Si la place des sources sonores et filmiques reste marginale dans les archives littéraires, ces documents représentent une part considérable et grandissante de la mémoire du passé littéraire. Des institutions telles que le Centre d’archives Gaston-Miron (CAGM) à Montréal, les Archives et Musée de la littérature (AML) à Bruxelles, les Archives littéraires suisses (ALS) ou l’Institut Mémoires de l’édition contemporaine (IMEC) en conservent chacune un nombre qui se chiffre en milliers, en majeure partie numérisés. D’autres fonds, d’une ampleur au moins équivalente, se trouvent dispersés dans les archives de chaînes de radio-télévision, dans les archives d’institutions comme l’INA et la Sonuma, ou encore sur des plateformes en ligne (UbuWeb, Pennsound, mais également YouTube, SoundCloud...). La diversité matérielle et générique de ces sources ainsi que l’éclatement des lieux de conservation soulèvent de nombreuses questions, dont celle (non la moindre) de la définition et de l’étendue du concept d’archive littéraire. À l'initiative de Selina Follonier, Anthony Glinoer et Karim Larose et sous le titre "Archives audiovisuelles de la littérature", un colloque en ligne se propose du 14 au16 avril 2021de brosser un panorama des recherches en cours.
Les morts-vivants

Après un (réussi) Éloge des ratés, la bien vivante collection "Fictions pensantes" dirigée aux éd.

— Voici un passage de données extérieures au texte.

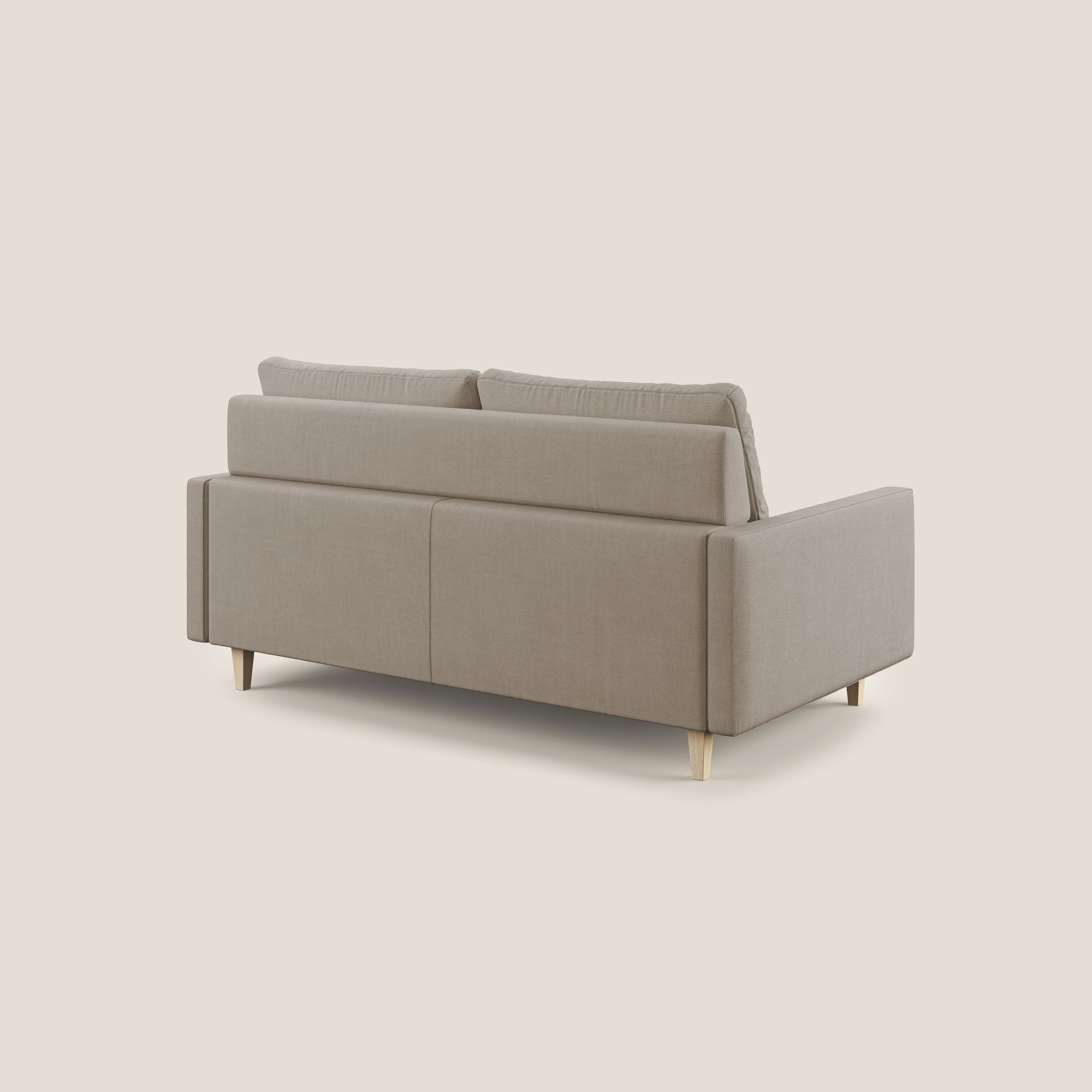 Matisse canapé avec assises coulissantes et dossier en duvet d'oie en tissu détachable T17 beige - Image 5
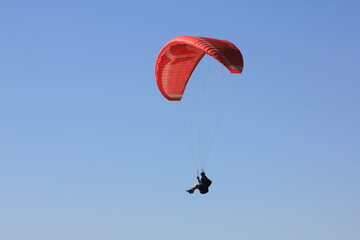 Paragliding in the French Alps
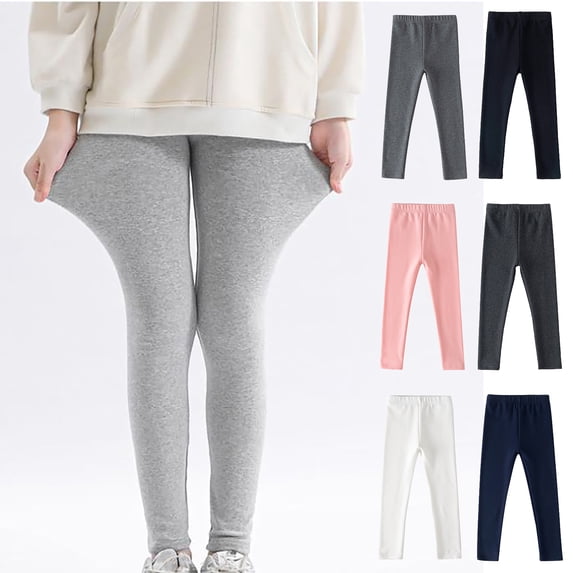 Asxite Toddler Girls Leggings Solid Soft Thin Breathable Stretch Loose Casual Winter Pants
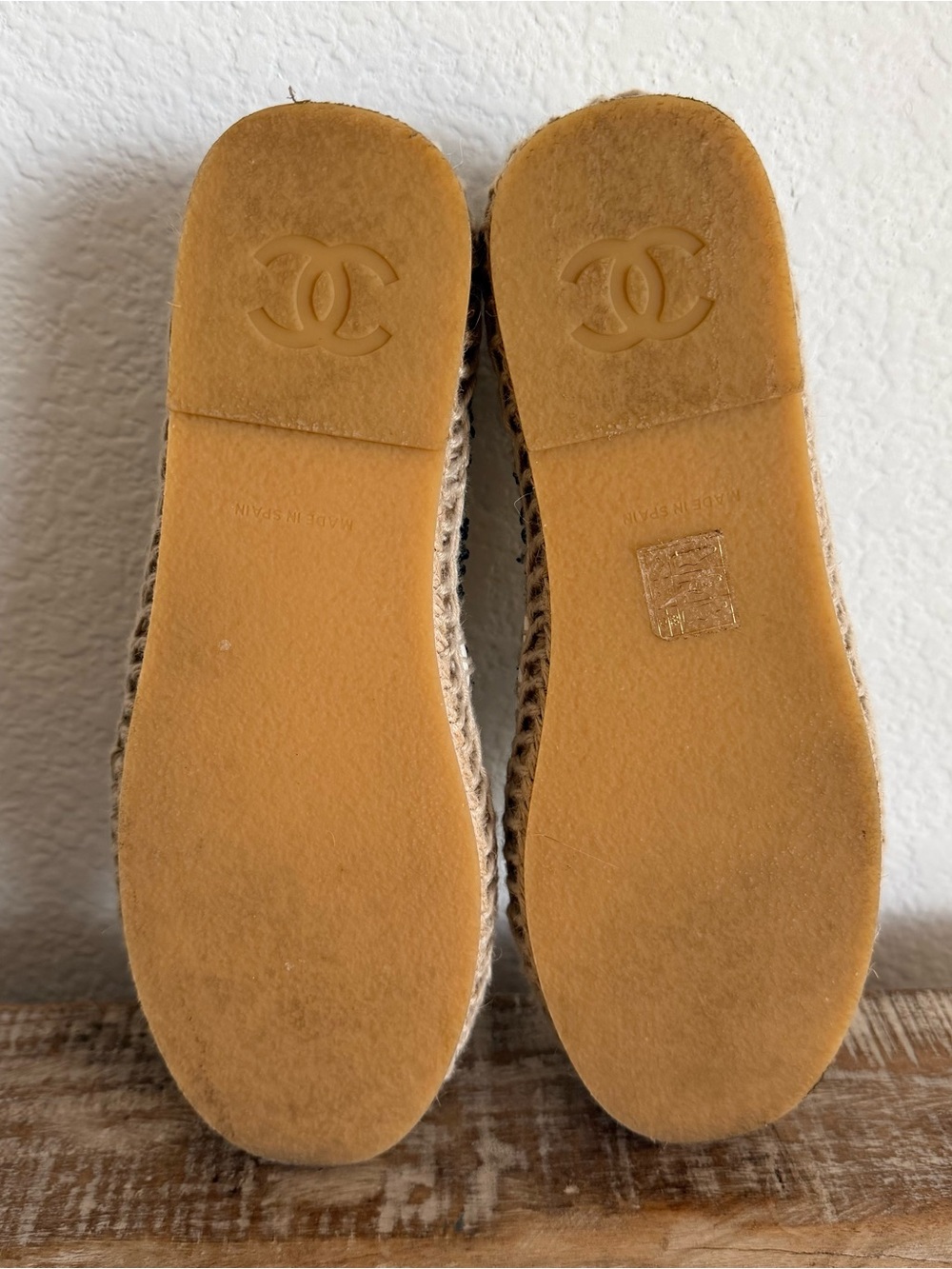 CHANEL Espadrilles Tweed & Sequin - Picture 4 of 12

Hermann par F. Salaün, qui fêtait l’an passé sa dixième année d’existence, accueille un deuxième essai de Ninon Chavoz: Les morts-vivants, sous titré Comment les auteurs du passé habitent la littérature présente. Car les auteurs qui reposaient paisiblement au Panthéon viennent désormais hanter les romans français et francophones contemporains du sceau de leur obsédante présence : celle-ci se manifeste moins par une prolifération intertextuelle que par une véritable résurrection, qui peut prendre la forme de zombis walks, de revenances spectrales ou de réincarnations en tous genres. N. Chavoz nous invite à suivre leur titubant cortège : au détour d’étranges rencontres avec Baudelaire, Rimbaud et d’autres, elle délivre quelques réflexions sur l’état présent de la littérature, sur son dialogue avec la culture populaire et sur le rapport des lecteurs et des auteurs d’aujourd’hui au patrimoine littéraire. Fabula donne à lire l'introduction de l'ouvrage…
Rappelons au passage aux éditions Champion la thèse de N. Chavoz consacrée à la tentation encyclopédique dans l’espace francophone africain, et les "Entretiens littéraires" qu'elle avait organisés en 2016-2017 à l’École Normale Supérieure, accueillis parmi les Colloques en lignes de Fabula sous le titre "Les Rencontres d’Afriques Transversales".
Le XIXe siècle reste à venir

Après Poétique et Littérature, c'est au tour de la revue Romantisme de fêter son cinquantième anniversaire. Issue de la Société des études romantiques sous l’impulsion de Pierre Barbéris, la revue s'est longtemps donnée pour tâche de penser "l'impossibile unité" du Romantisme. Dans son éditorial, Françoise Gaillard rappelle qu'en 1970, "les temps étaient alors plus aux échanges vifs qu’au consensus. Mais cette vivacité témoignait d’une passion pour les idées et d’une implication personnelle dans les orientations à donner à la recherche et dans le choix des méthodes d’analyse des textes". Aujourd'hui comme hier, le romantisme a besoin d’impertinences et d’audaces, d’écarts plus que d’égards, comme en témoigne le 191e sommaire intitulé: "Le XIXe siècle à venir".